OpenACC for tropical circulation model
The below case study shares some of the technical details and outcomes of the scientific and HPC-focused programming support provided to a research project through NeSI’s Consultancy Service.
This service supports projects across a range of domains, with an aim to lift researchers’ productivity, efficiency, and skills in research computing. If you are interested to learn more or apply for Consultancy support, visit our Consultancy Service page.
Research background
University of Auckland researcher Dr Gilles Bellon has developed a quasi-equilibrium model (QTCM2) to describe climate and rainfall in tropical regions. The problem involves solving 2D, time dependent fluid equations on a beta plane. Of interest is the steady-state solution, which takes 5 million time steps to reach and 10,000 CPU hours to execute.
Different versions of the model with differing physical approximations need to be tested and sometimes many runs with different initial conditions need to be submitted. In addition, the model currently runs at 24km resolution, ideally it would need to run at 10km resolution.
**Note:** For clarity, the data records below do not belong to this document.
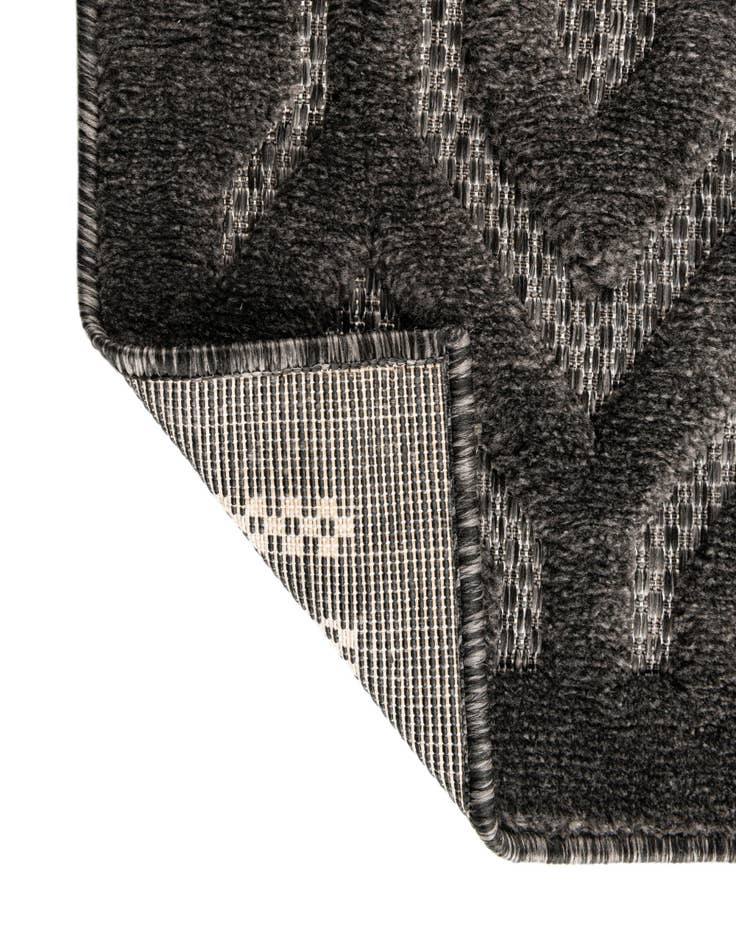 Detail image of 9' x 12' Easy-Clean Trellis Textured Indoor / Outdoor Rug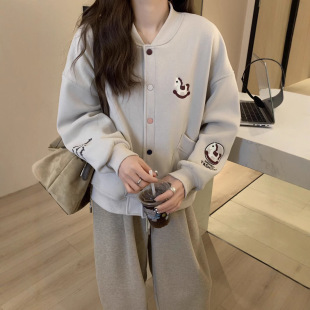 2024 Autumn and Winter New Embroidered Short fleece-lined Thickened Coat Cardigan Sweater Women's Baseball Suit Western Style Jacket Top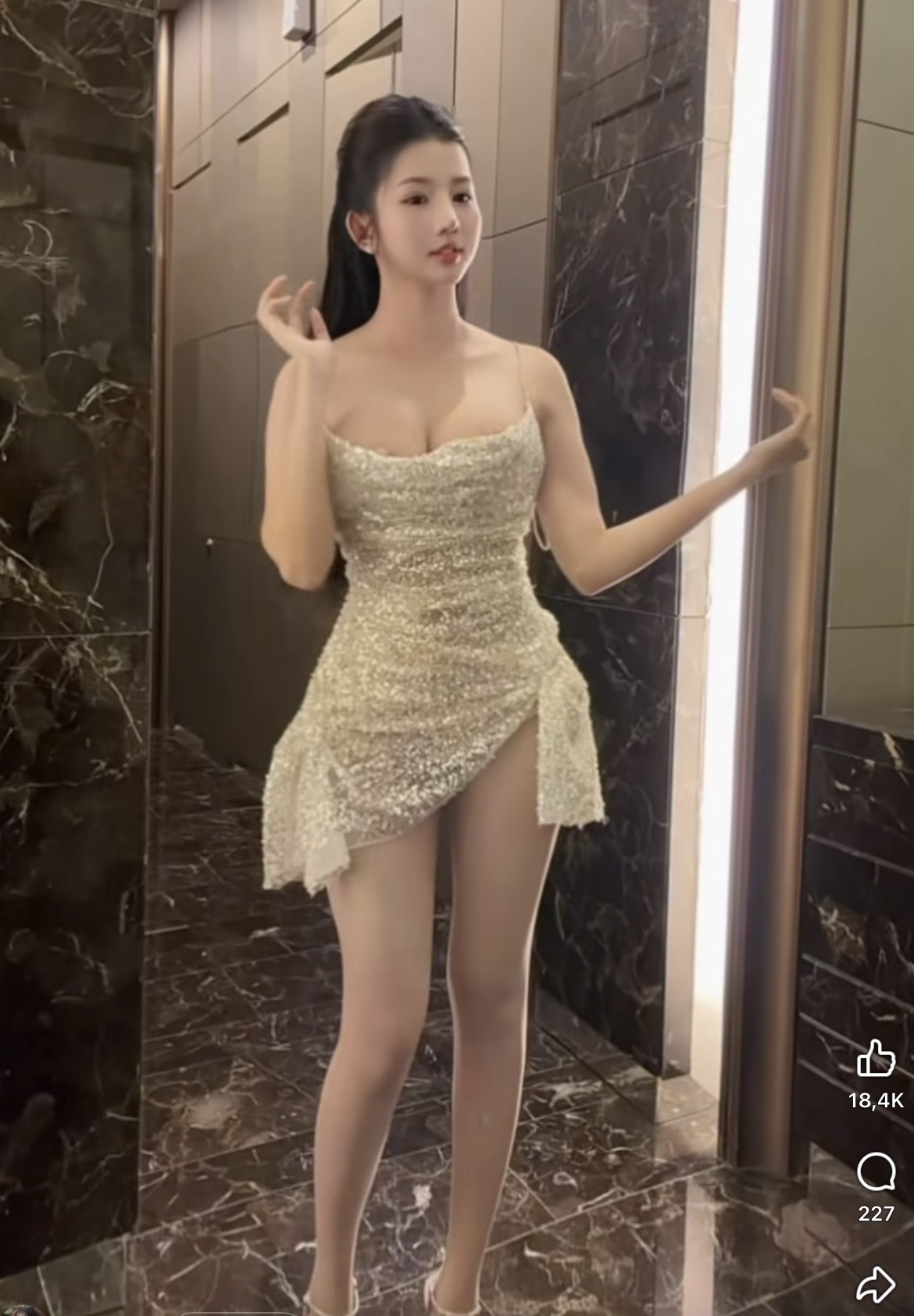 L&agrave;m clip b&aacute;n v&aacute;y, "thần ti&ecirc;n tỷ tỷ" h&uacute;t gần 8 triệu view, tin nhắn đặt h&agrave;ng qu&aacute; tải - Ảnh 2.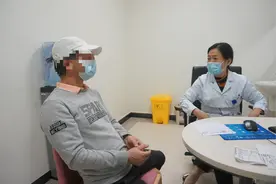 “气得胃疼”真是病！这名患者胃痛的“罪魁祸首”竟是情绪图片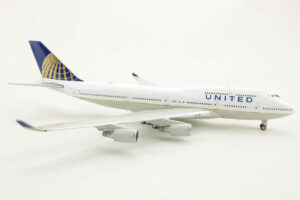 Alternative view of Boeing 747-400 United Airlines N180UA Gemin Jets GJUAL1368 1:400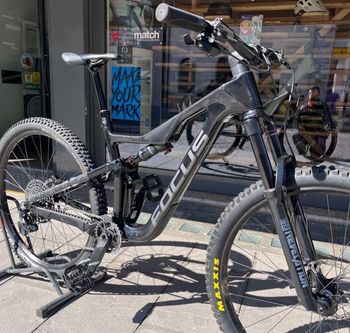 Used Focus Jam 8.8 Carbon 2024 Mountainbike, Schwarz — image 1 of 7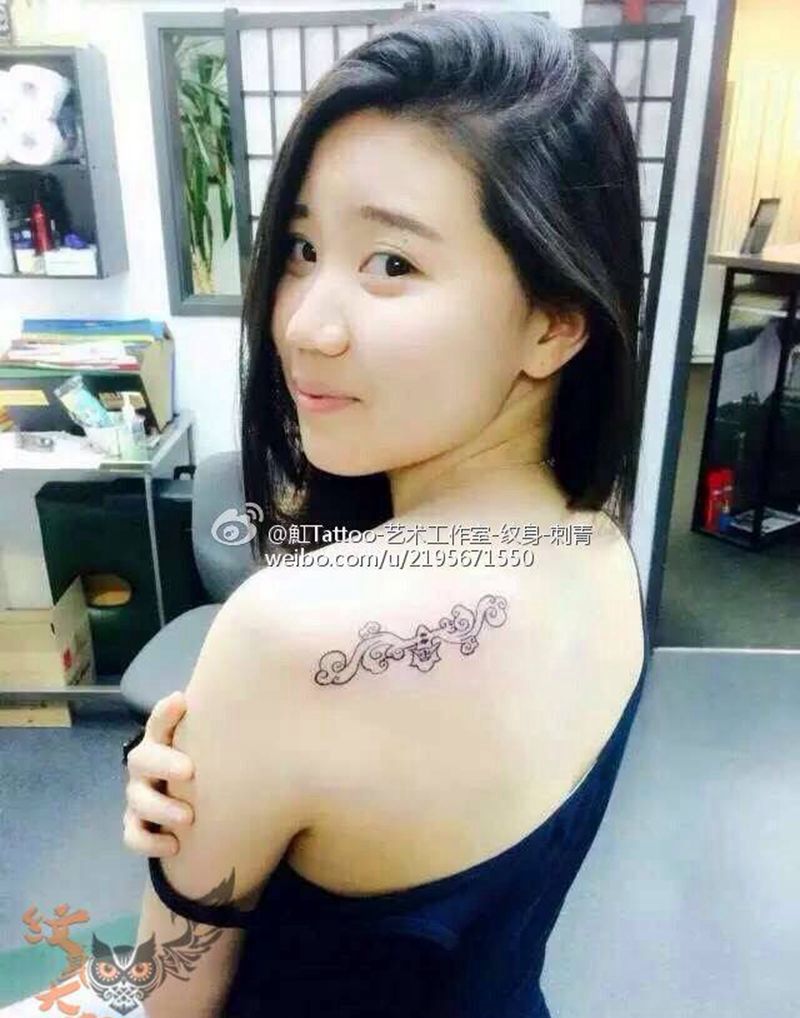 祥云蝙蝠纹身图片_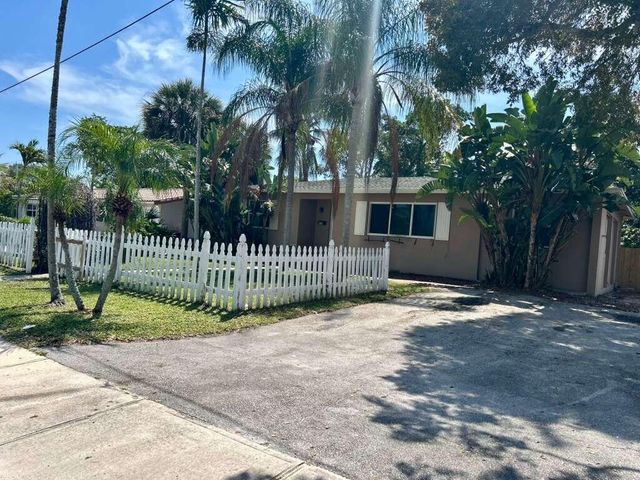 108 NE 22nd Street, Delray Beach, FL 33444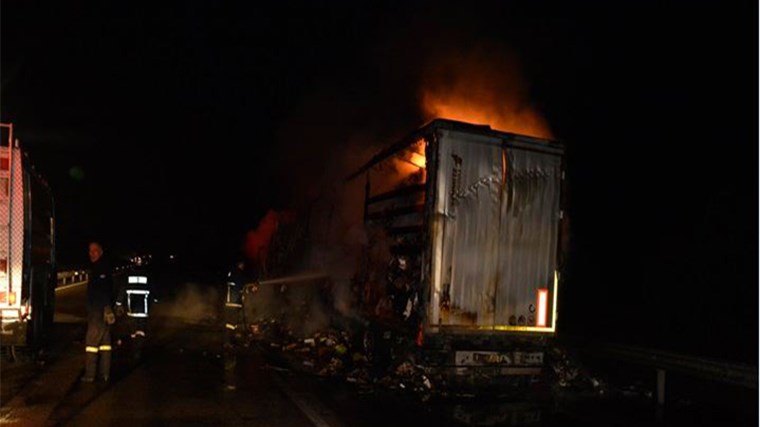 Νταλίκα πήρε φωτιά εν κινήσει στην  Εθνική Οδό  – ΦΩΤΟ – ΒΙΝΤΕΟ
This makes the model exorbitant to run, so Gilles called on NeSI to see if we could help him reduce the wall clock time.
Project challenges
NeSI’s Research Software Engineers had previously worked with previously worked with Gilles to achieve a 20X speedup compared to the original version of the code. A new opportunity arose when new A100 GPUs were installed on NeSI. It raised a question: Would offloading some of the computations further improve the performance of the code?
What was done
NeSI Research Software Engineers Alex Pletzer and Chris Scott modified the source code to tell the compiler to offload loops to run on the GPU device using OpenACC directives, and leveraged the cuBLAS library to solve the Poisson equation.
Main outcomes
A 31X (66X) speedup on P100 (A100) GPU compared to the single threaded executable. While OpenMP can accelerate the code on a CPU, there is still a 16X (35X) performance advantage of running on the GPU compared to using 16 threads. Moreover, the cost of computing climate and rainfall is always cheaper on the GPU compared to any number of CPUs.
The final results mean Gilles is now able to crunch more numbers faster and cheaper.